Directions for this task:
Using the data below, copy every line that contains the word "Christmas".

Crawled caption data
+--

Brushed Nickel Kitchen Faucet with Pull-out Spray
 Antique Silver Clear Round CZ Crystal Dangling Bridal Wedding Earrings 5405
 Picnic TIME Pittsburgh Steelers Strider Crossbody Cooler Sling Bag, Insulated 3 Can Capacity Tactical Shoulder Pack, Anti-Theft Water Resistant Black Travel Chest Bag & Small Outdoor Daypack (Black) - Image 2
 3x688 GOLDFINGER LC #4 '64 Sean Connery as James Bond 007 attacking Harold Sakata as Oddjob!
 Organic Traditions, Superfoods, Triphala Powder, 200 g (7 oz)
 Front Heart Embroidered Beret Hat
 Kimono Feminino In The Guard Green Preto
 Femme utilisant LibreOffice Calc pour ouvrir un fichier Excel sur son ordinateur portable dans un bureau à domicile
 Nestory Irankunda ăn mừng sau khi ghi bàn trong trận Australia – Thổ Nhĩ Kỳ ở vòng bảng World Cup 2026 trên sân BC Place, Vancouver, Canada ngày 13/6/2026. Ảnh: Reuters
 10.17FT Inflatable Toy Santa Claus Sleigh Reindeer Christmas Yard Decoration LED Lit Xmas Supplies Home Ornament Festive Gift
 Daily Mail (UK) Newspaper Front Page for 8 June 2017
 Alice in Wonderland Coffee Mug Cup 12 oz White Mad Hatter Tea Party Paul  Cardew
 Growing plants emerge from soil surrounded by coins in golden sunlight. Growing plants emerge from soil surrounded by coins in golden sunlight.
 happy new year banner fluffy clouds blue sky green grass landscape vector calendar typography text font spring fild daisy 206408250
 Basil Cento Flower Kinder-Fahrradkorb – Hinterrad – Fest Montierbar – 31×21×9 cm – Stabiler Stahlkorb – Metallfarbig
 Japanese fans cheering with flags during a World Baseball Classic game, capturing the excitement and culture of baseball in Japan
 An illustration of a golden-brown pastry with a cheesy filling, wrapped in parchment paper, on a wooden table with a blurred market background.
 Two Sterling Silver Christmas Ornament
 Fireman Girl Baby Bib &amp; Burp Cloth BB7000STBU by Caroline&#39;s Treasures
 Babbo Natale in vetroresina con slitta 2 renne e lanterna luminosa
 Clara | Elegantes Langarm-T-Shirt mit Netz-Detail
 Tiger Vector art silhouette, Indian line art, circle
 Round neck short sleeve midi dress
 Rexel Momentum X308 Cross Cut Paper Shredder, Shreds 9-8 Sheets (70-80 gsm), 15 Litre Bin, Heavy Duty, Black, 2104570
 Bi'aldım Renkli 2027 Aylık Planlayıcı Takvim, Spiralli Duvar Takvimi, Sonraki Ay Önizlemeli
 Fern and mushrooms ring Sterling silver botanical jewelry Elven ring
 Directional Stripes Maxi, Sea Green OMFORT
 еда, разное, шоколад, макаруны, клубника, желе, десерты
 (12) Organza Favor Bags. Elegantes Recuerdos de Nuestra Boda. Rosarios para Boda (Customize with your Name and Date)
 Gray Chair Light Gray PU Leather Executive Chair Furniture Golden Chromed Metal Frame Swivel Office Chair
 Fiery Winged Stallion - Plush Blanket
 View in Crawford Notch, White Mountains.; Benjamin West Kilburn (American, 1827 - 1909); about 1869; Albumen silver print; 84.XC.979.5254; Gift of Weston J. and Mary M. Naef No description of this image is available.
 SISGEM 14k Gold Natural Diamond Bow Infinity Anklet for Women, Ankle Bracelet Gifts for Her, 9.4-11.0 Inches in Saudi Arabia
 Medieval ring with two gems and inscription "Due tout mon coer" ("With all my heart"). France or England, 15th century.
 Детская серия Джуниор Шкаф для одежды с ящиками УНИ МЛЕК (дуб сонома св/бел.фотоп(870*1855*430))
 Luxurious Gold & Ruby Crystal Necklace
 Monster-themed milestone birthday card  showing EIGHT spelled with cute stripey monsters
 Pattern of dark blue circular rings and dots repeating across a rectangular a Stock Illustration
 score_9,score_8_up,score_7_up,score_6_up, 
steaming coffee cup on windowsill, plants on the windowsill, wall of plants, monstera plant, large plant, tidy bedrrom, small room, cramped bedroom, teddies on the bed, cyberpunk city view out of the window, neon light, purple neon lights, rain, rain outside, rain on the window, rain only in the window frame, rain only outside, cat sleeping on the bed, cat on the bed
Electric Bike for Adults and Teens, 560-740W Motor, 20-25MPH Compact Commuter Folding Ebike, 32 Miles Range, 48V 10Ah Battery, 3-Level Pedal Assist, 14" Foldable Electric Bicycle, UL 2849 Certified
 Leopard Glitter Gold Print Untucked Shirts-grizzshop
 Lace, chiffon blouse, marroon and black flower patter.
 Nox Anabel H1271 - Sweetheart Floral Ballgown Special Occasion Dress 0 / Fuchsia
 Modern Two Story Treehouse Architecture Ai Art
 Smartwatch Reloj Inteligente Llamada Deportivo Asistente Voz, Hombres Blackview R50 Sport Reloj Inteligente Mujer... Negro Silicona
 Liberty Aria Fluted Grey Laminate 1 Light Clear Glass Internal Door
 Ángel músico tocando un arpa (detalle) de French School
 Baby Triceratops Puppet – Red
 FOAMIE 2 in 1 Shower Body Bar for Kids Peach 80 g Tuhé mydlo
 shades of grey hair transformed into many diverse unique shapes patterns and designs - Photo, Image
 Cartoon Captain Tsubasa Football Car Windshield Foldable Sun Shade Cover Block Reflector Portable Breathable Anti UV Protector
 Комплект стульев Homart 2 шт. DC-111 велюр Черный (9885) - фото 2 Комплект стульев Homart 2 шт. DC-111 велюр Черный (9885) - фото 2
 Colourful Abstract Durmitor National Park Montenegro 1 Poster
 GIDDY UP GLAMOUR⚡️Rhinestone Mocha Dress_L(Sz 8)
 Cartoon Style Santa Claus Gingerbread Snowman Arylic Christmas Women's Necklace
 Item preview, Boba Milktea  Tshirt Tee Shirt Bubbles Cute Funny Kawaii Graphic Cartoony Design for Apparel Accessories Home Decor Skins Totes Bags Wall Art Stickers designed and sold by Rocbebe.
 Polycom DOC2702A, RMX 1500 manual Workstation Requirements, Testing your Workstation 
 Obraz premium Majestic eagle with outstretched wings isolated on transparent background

+--

Written answer:
 10.17FT Inflatable Toy Santa Claus Sleigh Reindeer Christmas Yard Decoration LED Lit Xmas Supplies Home Ornament Festive Gift
 Two Sterling Silver Christmas Ornament
 Cartoon Style Santa Claus Gingerbread Snowman Arylic Christmas Women's Necklace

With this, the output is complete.